Professional Indemnity (PI) has been described as the “red light district” of the London Market by a leading insurance figure at the Euroforum seminar.

Reg Brown, former president of the Chartered Insurance Institute (CII) and former lead underwriter for RE Brown and Others syndicate 702, was chairing the discussion on the future of PI in the market.

Brown, who has been working in insurance for 40 years and in the Lloyd's PI market for a quarter of a century, said: “One of my abiding memories will be that the PI market has been littered with incompetence and has been tainted by too many fly-by-night, here today, gone tomorrow merchants.

“One of the recurring themes over that period was that PI was a class of business where the inexperienced underwriter could easily delude himself into thinking he was making money when, in fact, he was losing it by the bucket load.

“It was all in the reserves and the time lag between the occurrence of a claim event to the final settlement of the claim is such that the foolhardy optimist has a long period during which to keep underwriting, when the best thing would be to put his pen down.

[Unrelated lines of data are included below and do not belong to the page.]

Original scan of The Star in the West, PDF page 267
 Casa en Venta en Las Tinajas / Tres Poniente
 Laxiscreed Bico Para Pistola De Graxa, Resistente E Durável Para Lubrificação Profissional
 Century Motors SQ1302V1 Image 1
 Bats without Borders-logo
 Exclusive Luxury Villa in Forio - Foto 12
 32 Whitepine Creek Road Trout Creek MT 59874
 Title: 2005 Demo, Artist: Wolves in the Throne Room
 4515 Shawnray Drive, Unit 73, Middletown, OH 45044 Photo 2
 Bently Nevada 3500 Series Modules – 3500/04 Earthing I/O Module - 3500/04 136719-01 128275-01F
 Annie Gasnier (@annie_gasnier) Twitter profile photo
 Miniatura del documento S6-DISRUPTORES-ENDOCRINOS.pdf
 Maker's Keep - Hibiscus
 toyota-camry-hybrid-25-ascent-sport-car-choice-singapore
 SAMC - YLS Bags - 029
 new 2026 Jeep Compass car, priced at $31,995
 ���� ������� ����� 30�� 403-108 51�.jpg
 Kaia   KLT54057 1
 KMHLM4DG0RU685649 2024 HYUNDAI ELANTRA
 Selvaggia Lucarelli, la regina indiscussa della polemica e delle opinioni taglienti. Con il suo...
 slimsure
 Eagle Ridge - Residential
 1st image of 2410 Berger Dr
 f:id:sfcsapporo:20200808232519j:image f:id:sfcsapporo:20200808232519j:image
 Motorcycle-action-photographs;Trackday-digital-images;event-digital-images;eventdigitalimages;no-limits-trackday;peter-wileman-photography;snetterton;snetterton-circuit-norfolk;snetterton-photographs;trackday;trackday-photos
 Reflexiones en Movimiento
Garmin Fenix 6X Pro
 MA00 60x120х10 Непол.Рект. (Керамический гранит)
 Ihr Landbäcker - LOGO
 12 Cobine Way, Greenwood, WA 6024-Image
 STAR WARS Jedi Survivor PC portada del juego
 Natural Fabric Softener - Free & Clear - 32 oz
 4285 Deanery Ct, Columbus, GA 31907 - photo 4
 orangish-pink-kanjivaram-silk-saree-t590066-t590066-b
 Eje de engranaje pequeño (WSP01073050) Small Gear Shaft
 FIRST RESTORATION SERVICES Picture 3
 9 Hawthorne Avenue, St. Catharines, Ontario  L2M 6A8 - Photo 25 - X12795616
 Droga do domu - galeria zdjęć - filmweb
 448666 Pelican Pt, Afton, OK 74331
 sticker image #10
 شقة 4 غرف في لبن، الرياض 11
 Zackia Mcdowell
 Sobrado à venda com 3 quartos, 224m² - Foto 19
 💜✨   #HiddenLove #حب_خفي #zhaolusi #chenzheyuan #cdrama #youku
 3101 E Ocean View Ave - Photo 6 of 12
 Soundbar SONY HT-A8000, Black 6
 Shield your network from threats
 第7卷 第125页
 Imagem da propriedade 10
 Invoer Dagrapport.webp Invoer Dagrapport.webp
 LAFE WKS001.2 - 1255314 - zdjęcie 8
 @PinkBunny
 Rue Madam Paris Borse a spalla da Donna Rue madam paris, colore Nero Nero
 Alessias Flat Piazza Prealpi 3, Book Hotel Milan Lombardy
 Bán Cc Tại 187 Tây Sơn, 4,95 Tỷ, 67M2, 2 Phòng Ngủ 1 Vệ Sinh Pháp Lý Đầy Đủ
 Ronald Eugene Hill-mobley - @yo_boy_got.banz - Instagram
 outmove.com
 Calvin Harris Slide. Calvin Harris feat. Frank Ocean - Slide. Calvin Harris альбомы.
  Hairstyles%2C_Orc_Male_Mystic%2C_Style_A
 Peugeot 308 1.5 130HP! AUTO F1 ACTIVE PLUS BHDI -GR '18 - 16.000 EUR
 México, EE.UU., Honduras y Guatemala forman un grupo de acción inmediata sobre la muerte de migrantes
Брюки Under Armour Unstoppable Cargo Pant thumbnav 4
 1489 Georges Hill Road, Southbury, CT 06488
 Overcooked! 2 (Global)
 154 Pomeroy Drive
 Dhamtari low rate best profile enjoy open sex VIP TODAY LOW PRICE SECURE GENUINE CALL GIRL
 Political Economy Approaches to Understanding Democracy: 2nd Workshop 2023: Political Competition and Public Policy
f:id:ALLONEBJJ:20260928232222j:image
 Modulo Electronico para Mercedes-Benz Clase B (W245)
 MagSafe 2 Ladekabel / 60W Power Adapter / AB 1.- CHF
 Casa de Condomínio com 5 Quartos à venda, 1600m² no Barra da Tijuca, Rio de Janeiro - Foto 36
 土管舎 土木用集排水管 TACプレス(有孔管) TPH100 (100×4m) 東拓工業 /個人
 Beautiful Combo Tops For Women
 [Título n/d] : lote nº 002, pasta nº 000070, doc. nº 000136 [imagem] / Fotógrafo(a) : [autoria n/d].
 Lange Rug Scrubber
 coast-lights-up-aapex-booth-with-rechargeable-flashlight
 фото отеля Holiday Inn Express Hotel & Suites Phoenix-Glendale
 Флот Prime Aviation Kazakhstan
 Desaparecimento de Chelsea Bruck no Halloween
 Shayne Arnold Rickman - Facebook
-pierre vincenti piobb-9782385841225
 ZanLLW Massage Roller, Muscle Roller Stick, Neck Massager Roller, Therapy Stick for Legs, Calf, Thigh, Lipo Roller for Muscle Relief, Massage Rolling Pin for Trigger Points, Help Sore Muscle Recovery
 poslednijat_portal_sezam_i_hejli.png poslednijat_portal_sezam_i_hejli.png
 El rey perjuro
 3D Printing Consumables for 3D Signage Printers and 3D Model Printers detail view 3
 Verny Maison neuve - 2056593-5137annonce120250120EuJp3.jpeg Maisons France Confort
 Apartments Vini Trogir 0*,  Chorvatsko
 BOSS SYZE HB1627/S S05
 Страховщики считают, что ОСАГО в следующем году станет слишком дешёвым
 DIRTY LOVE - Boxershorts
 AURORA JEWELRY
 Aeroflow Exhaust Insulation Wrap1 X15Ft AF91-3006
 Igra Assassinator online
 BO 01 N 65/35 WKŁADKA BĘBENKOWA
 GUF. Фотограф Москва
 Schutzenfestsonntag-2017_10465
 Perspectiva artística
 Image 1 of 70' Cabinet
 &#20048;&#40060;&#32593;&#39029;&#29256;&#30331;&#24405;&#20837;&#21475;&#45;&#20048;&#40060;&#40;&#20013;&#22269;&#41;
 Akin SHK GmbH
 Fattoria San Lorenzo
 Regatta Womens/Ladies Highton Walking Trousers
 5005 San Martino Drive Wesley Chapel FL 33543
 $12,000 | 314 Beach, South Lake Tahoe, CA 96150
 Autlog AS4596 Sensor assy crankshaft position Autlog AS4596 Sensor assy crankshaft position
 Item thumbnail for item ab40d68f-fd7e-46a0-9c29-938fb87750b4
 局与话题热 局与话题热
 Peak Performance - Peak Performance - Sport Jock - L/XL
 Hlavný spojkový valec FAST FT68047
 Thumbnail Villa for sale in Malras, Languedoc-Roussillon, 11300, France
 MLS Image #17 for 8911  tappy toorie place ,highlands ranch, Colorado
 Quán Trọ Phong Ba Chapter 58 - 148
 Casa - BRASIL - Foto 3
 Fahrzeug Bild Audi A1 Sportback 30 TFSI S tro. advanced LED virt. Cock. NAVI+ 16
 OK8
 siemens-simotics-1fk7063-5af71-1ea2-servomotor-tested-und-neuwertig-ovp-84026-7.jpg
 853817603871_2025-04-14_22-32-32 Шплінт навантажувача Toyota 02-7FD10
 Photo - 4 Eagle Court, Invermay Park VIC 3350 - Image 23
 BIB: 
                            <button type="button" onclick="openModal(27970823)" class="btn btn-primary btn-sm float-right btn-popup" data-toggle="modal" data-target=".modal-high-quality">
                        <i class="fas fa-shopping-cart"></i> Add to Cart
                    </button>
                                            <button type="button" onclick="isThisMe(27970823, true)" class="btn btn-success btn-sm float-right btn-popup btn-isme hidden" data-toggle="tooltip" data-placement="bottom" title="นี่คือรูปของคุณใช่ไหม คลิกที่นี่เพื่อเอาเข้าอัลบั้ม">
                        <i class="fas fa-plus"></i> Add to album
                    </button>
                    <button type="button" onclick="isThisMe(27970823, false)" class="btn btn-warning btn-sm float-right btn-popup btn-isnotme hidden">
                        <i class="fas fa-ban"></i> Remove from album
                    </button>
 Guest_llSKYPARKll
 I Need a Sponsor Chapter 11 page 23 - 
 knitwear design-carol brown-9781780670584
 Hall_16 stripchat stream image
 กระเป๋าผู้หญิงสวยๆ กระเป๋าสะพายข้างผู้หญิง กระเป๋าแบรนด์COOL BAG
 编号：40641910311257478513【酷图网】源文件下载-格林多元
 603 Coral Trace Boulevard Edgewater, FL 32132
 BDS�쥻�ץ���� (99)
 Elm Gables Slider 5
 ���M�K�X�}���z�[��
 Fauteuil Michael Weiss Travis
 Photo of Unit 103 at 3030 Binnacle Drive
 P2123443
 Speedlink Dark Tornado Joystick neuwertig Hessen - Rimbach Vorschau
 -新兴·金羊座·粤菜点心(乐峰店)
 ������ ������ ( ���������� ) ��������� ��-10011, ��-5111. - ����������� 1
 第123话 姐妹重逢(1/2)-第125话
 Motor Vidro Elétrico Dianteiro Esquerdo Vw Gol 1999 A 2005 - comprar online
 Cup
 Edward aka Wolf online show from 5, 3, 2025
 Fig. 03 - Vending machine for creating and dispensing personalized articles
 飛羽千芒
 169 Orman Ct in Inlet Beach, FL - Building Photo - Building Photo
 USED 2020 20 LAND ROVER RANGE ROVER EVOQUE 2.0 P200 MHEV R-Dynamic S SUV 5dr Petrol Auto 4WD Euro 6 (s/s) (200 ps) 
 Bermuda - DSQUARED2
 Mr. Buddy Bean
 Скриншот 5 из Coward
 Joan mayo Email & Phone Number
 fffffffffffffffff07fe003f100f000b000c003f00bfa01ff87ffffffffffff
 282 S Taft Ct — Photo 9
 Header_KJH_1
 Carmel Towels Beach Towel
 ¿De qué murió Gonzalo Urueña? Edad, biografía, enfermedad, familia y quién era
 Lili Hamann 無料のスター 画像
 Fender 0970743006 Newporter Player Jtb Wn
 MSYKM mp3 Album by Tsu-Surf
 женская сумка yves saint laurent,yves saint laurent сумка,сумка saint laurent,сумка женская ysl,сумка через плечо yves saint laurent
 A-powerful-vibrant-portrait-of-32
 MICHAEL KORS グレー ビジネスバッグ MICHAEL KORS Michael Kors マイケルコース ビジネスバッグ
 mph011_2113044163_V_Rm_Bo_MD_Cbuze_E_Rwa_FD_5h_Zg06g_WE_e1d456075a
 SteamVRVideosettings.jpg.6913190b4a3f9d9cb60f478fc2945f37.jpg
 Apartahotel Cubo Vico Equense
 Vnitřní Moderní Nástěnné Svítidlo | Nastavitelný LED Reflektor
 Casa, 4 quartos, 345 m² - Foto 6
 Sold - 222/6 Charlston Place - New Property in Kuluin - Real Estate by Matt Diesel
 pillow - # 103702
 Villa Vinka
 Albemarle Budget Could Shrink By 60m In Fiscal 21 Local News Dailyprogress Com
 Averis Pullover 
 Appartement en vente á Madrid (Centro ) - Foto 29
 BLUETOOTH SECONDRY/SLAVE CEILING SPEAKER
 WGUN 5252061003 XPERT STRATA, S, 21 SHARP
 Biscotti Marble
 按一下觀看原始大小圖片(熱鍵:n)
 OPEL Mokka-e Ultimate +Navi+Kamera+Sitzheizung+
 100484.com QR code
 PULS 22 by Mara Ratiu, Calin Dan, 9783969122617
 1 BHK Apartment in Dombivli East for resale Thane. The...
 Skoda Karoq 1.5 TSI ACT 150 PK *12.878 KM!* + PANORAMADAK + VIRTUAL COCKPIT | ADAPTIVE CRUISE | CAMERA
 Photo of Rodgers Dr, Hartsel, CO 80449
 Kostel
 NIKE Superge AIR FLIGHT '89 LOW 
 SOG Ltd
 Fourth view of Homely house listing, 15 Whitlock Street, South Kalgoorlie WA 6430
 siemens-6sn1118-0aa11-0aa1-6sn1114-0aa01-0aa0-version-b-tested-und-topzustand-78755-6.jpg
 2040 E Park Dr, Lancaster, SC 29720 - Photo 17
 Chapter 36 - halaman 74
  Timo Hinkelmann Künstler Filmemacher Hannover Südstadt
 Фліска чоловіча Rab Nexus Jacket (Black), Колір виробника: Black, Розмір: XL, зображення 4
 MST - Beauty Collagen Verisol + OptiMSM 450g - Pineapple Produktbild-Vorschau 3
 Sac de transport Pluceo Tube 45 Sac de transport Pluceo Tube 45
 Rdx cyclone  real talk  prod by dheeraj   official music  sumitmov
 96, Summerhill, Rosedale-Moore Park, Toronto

“We've all seen it many times. We've assumed that the underwriter with the cheapest rates on the block has a game plan; masterly objectives which the rest of us were too dim to see. In fact, as it turned out, we were wrong. Many of them had no idea what they were doing. They were simply writing for premium income at whatever price they needed to charge to get the business.

“So many underwriters have prostituted themselves over the years that it has left me with a feeling that the PI market has been the red light district of the London Market.”

Brown added that qu-ality underwriters have been “constantly und-ermined by the poor performers; add to that the freedom with which underwriters give their pens away to people even more incompetent than themselves and you have a lethal cocktail”.

He warned there was a need to learn from past experiences “or we will be condemned to relive it in the future”.

“I believe that many underwriters have simply failed to understand the dynamics and appreciate the nature of the business they were in,” he said. “I see few signs that the present breed are substantially better.

“The future is bleak unless PI insurers can kick the habit of looking at historical, and not fully developed, claims histories as the sole pricing mechanism.

“Unless we grasp these issues with both hands, underwriting losses will continue to grow and underwriting profit will be a distant dream.”